Olivia Mather almost died in a ditch, at the hands of an assassin. A political man named Bertram has become obsessed with her and hires someone to kill her. She ends up surviving and decides to stop running from him and to get revenge. How?
The disarray of this household would work to her advantage. Her aim was to rifle the duke’s belongings, for his late wife’s letters suggested that he kept files on his political colleagues, dossiers that evidenced their crimes. If this was true, Olivia needed to find the files. There was a certain man she very much needed to blackmail.

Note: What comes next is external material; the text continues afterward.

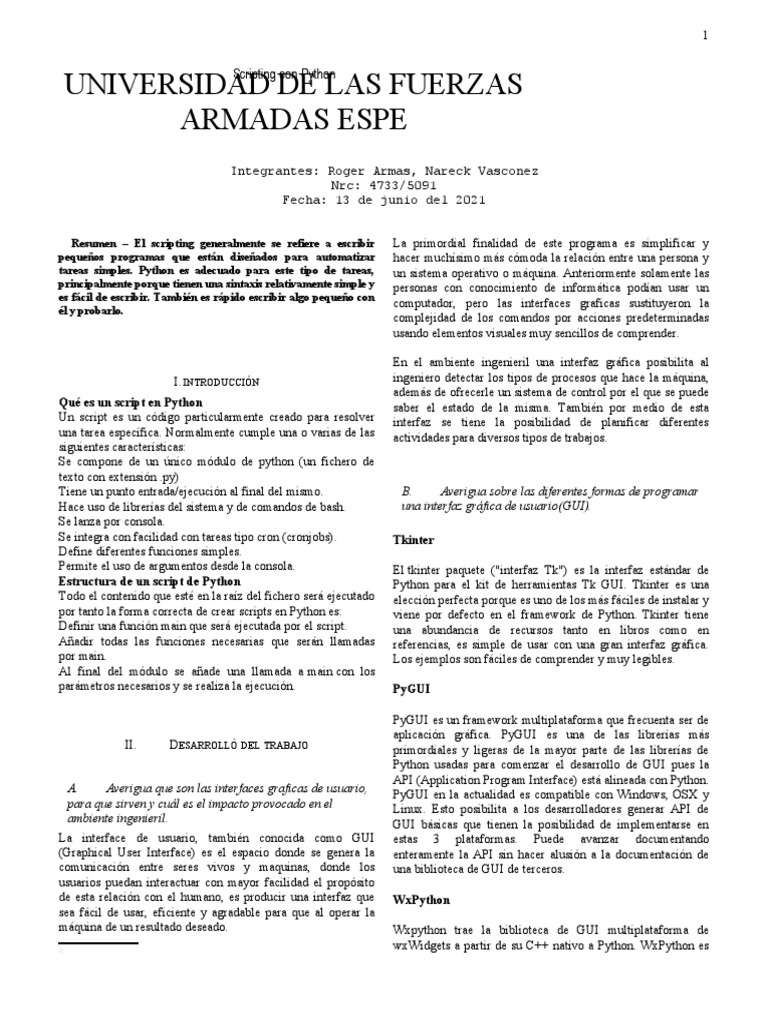 Formato Presentacion Documentos Normas Ieee | PDF | Python (lenguaje de ...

That man is Bertram and Olivia decides to go about this by getting hired as Alastair’s housekeeper. A secretary by training, his staff is in such disarray, she easily gets hired and access to him. But I don’t think she is remotely ready for the true state of Alastair’s despair:
But there had been no mystery, no injustice, in her death: her own stupid vice had caused it. Likewise, it would be no injustice if her lovers died. No mystery either. It would be murder. It would be murder if Alastair left this house.
So he does not leave this house. He does not even leave this room.
He looks into his palms. His eyes have grown accustomed to the dark he has made for himself, behind these curtains that never open. He sees clearly his lifelines, supposed harbingers of fortune: another lie, as much a lie as honor or ideals. He curls his lip. Fuck these lies.
Olivia has a lot of spirit and is stubborn. She every so slowly forces her way into Alastair’s room, and brings him out. Gives him a reason to leave the house (even if that reason is that she made him mad). And together they finally realize they have the same enemy in common.
The first 20% of this book is a little slow. It takes awhile to get a clear picture of Alastair’s unorganized staff and to learn about Olivia’s reasons for wanting to steal Alastair’s documents. But around the 20% mark, things start to pick up. We get to see more of Alastair and I found his brutish behavior quite intriguing. Duran writes a very good broken hero. There is one scene when Olivia walks in and he has a gun on the floor and he is kind of holding his head in hands over it, that really portrays just how low he is. It also shows a brave side to Olivia, and I think Alastair gains respect for her in this scene.
It’s not total devastation though. Olivia and Alastair have some really fun banter, as he is extremely grumpy, and she refuses to play along with his woes. There is also some very nice sexual tension – in particular when Olivia gives Alastair a hair cut.
He was staring at her.
She could feel his attention like a hot brand against her cheek. She would not let herself look, but she could envision his eyes, so intensely blue, like subsuming oceans. His breath coasted over her arm, hot, soft. As she leaned in, her wrist brushed against his cheek, and she felt the roughness of his beard. Her mouth went dry.
No. This was not happening. She snipped as quickly as she dared. This close, she could smell the soap on his skin. A clean, fresh musk. Her heart was tripping now; she could not quite manage a steady breath.
Although I liked the sexual tension, when Alastair first kisses Olivia I remember thinking – hmmm…that seems a little out of place. And while I did get into their romance, I ended the book not 100% convinced they would be happy together forever. I think Duran writes him so damaged and angry at the world, I needed to see him a little more at peace before the end of the book. Maybe an epilogue would have helped this. I like that once Alastair leaves his room, he isn’t suddenly changed and happy and everything is rainbows. I like that he stays angry, but I needed a little better balance with a happier duke. Despite that, I still enjoyed this one.